Sin mirar atrás, el Bombero avanzó con cautela entre las camas, moviéndose sigiloso por el reducido espacio que separaba a los hombres dormidos. Pasó junto al baño, donde un haz de luz sobresalía por debajo de la puerta. Algunos hombres se movieron y uno pareció querer levantarse cuando pasaron junto a su cama, pero Peter se limitó a pedirle que guardara silencio, y el hombre emitió un gemido, se giró y volvió a dormirse.
Cuando llegó a la puerta, miró atrás y vio a Larguirucho, sentado de nuevo en la cama en la posición del loto. Éste los vio y los saludó con la mano.
Peter alargó la mano hacia el pomo.
– Está cerrada con llave -indicó Francis-. Cierran todas las noches.
– Esta noche no -replicó Peter. Y, para probarlo, giró el pomo. La puerta se abrió con un ligero crujido-. Vamos, Pajarillo.

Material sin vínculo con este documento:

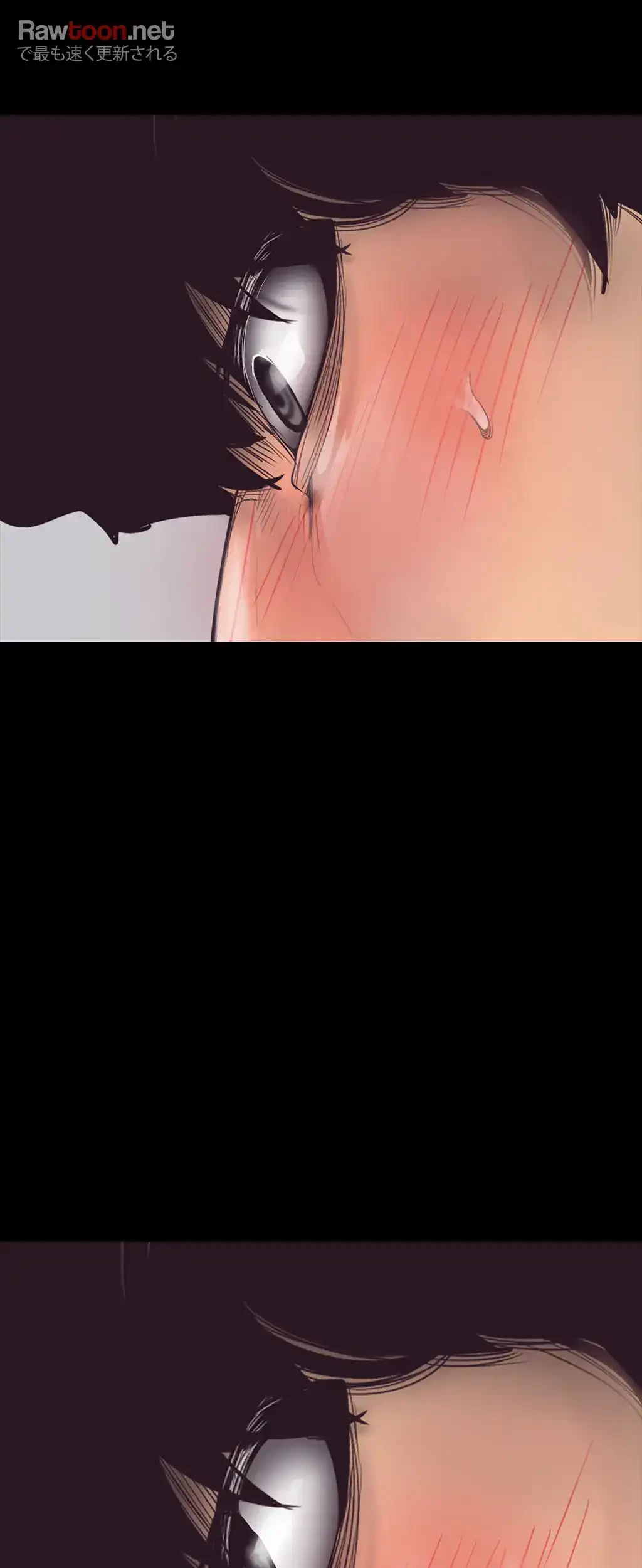 すばらしき新世界 第4話 - 68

El pasillo estaba a oscuras durante la noche, con sólo alguna que otra lámpara tenue que lanzaba reducidos arcos de luz al suelo. El silencio desconcertó momentáneamente a Francis. Por lo general, los pasillos del edificio Amherst estaban abarrotados de gente sentada, de pie, caminando, fumando, hablando consigo misma, hablando con gente que no estaba ahí o incluso hablando entre sí. Los pasillos eran como las venas del hospital, sin cesar bombeaban sangre y energía a cada órgano importante. Nunca los había visto vacíos. La sensación de estar solo en el pasillo resultaba inquietante. El Bombero, sin embargo, no parecía preocupado. Miraba pasillo adelante, hacia donde una lámpara de escritorio emitía un tenue brillo amarillo en el puesto de enfermería. Desde donde estaban, el puesto parecía vacío.